Sometimes I get a bit narcissistic, and check how my book is doing. I log on to the seller portal to see how many copies have been sold. I go to the Amazon page and see what are the other books that people who have bought my book are buying (on the US store it’s Ray Dalio’s Principles, as of now. On the UK and India stores, Sidin’s Bombay Fever is the beer to my book’s diapers).
And then I check if there are new reviews of my book. When friends write them, they notify me, so it’s easy to track. What I discover when I visit my Amazon page are the reviews written by people I don’t know. And so far, most of them have been good.
So today was one of those narcissistic days, and I was initially a bit disappointed to see a new four-star review. I started wondering what this person found wrong with my book. And then I read through the review and found it to be wholly positive.
A quick conversation with the wife followed, and she pointed out that this reviewer perhaps reserves five stars for the exceptional. And then my mind went back to this topic that I’d blogged about way back in 2015 – about rating systems.
The “4.8” score that Amazon gives as an average of all the ratings on my book so far is a rather crude measure – since one reviewer’s 4* rating might differ significantly from another reviewer’s.

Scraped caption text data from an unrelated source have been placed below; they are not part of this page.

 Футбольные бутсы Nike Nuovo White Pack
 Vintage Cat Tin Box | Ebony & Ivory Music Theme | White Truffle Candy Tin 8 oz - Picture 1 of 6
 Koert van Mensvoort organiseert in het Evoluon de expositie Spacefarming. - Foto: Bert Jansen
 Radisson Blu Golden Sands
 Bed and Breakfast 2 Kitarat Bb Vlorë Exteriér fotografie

For example, my “default rating” for a book might be 5/5, with 4/5 reserved for books I don’t like and 3/5 for atrocious books. On the other hand, you might use the “full scale” and use 3/5 as your average rating, giving 4 for books you really like and very rarely giving a 5.

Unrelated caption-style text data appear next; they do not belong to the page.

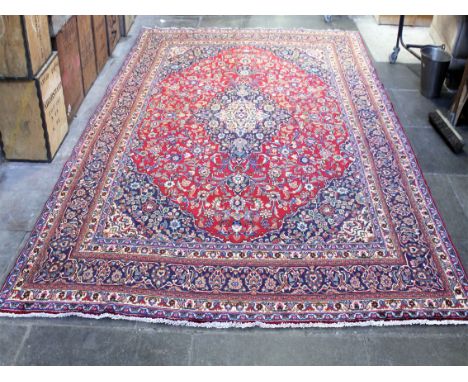 A large modern Mashad 100% wool carpet. 290cm x 380cm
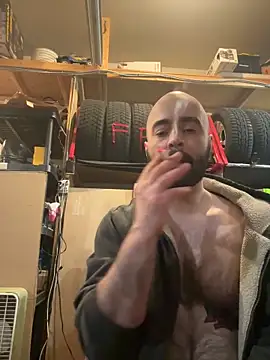 Faded-Solo online show from April 21, 4:07 am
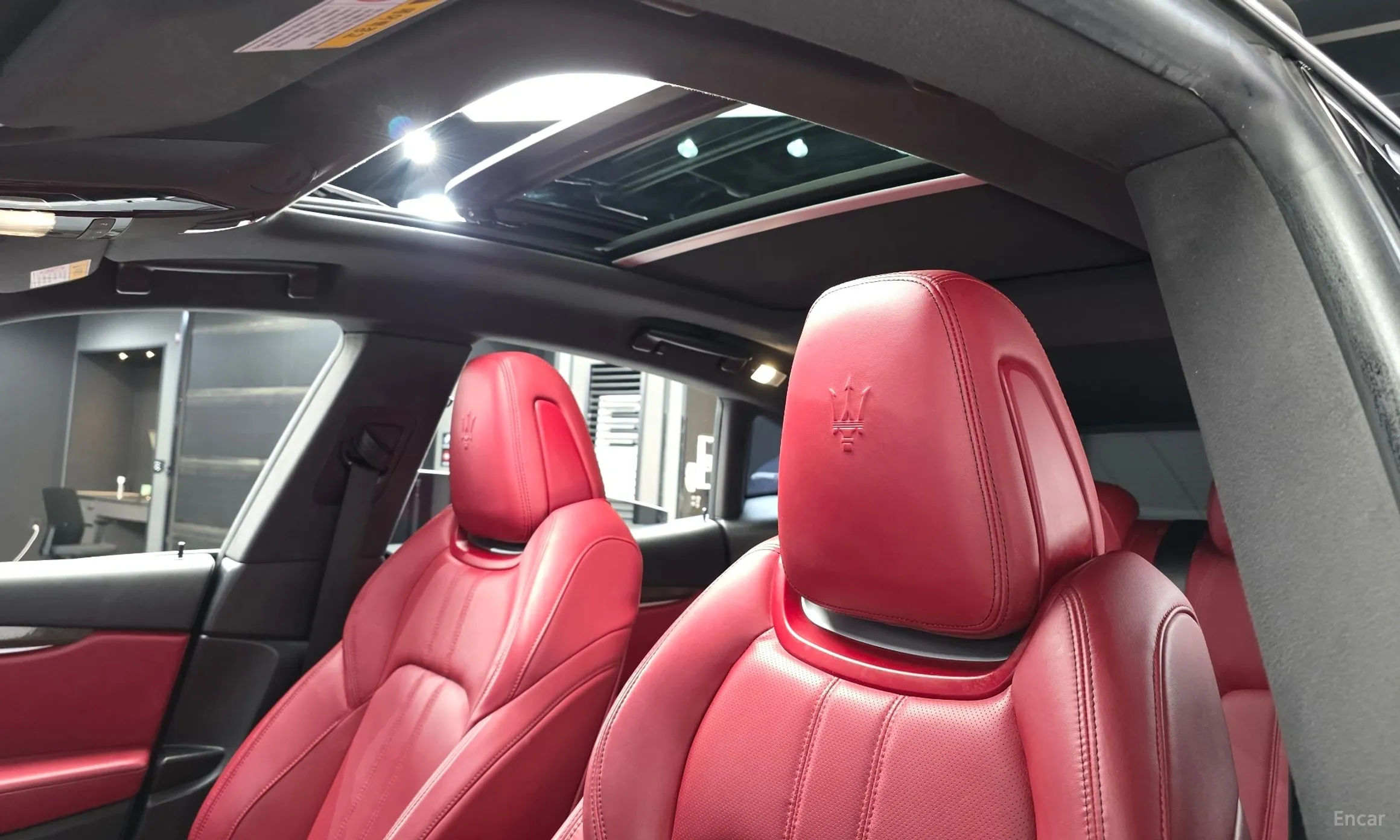 Maserati Levante превью 16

By simply taking an arithmetic average of ratings, it is possible to overstate the quality of a product that has for whatever reason been rated mostly by people with high default ratings (such a correlation is plausible). Similarly a low average rating for a product might mask the fact that it was rated by people who inherently give low ratings.
As I argue in the penultimate chapter of my book (or maybe the chapter before that – it’s been a while since I finished it), one way that platforms foster transactions is by increasing information flow between the buyer and the seller (this is one thing I’ve gotten good at – plugging my book’s name in random sentences), and one way to do this is by sharing reviews and ratings.
From this perspective, for a platform’s judgment on a product or seller (usually it’s the seller, but for products such as AirBnb, information about buyers also matters) to be credible, it is important that they be aggregated in the right manner.
One way to do this is to use some kind of a Z-score (relative to other ratings that the rater has given) and then come up with a normalised rating. But then this needs to be readjusted for the quality of the other items that this rater has rated. So you can think of some kind of a Singular Value Decomposition you can perform on ratings to find out the “true value” of a product (ok this is an achievement – using a linear algebra reference given how badly I suck in the topic).
I mean – it need not be THAT complicated, but the basic point is that it is important that platforms aggregate ratings in the right manner in order to convey accurate information about counterparties.
Nice post. Calibrating across different users/items is a major challenge in recommender system design.
Reminded me of a talk that I attended several years ago, where the speaker put a blue dot on the screen, and asked the audience to rate “how blue” the dot was from 1 to 10. Of course, different people came up with different numerical answers.
Next, he put up two blue dots, and asked us “which dot is bluer”. This time, all of us agreed that the left one was bluer than the right one.
The message is that cardinal ratings are not particularly useful; on the other hand, ordinal (comparative) ratings are surprisingly robust. This is why Netflix has recently moved away from the 5 star system to a more robust like/dislike model.